Previously collected qualitative data were used to develop objectives to assess the changes needed to achieve more risk-aligned surveillance. All 73 expert recommendations for implementing change (ERIC) strategies were assessed, and those that were not applicable to the clinical setting were excluded from this study. The remaining 28 strategies were mapped to the objectives using data-visualization techniques, and specific strategies were selected based on their level of impact. High-impact strategies were selected based on three factors: (1) broad scope, defined as a strategy addressing more than the median number of objectives; (2) low or moderate time commitment from clinical teams; and (3) evidence of effectiveness from the literature.

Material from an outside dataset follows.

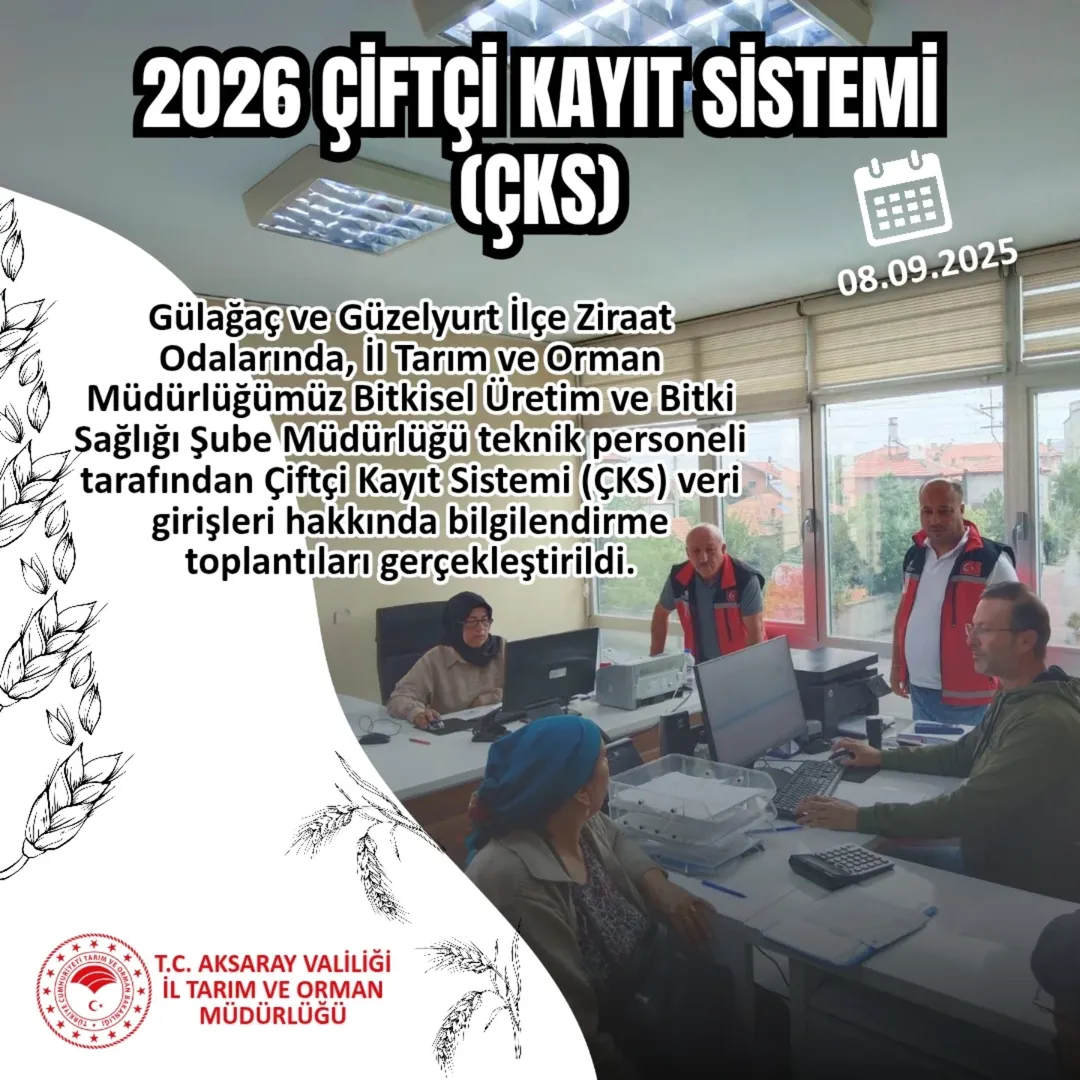 Aksaray'da Çiftçi Kayıt Sistemi Bilgilendirme Toplantıları Düzenlendi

Overall findings revealed 63 unique objectives. These objectives were mapped to the 28 selected ERIC strategies, and they were assessed for impact. Ten of the strategies required low time commitments, and eight required moderate time commitments from clinical teams. Based on these findings, nine strategies were selected based on high impact, each with a clearly documented rationale for selection. Study authors concluded that this data-driven approach may be a more practical option than relying on expert opinion.  

Disclosure: The study authors reported no conflicts of interest.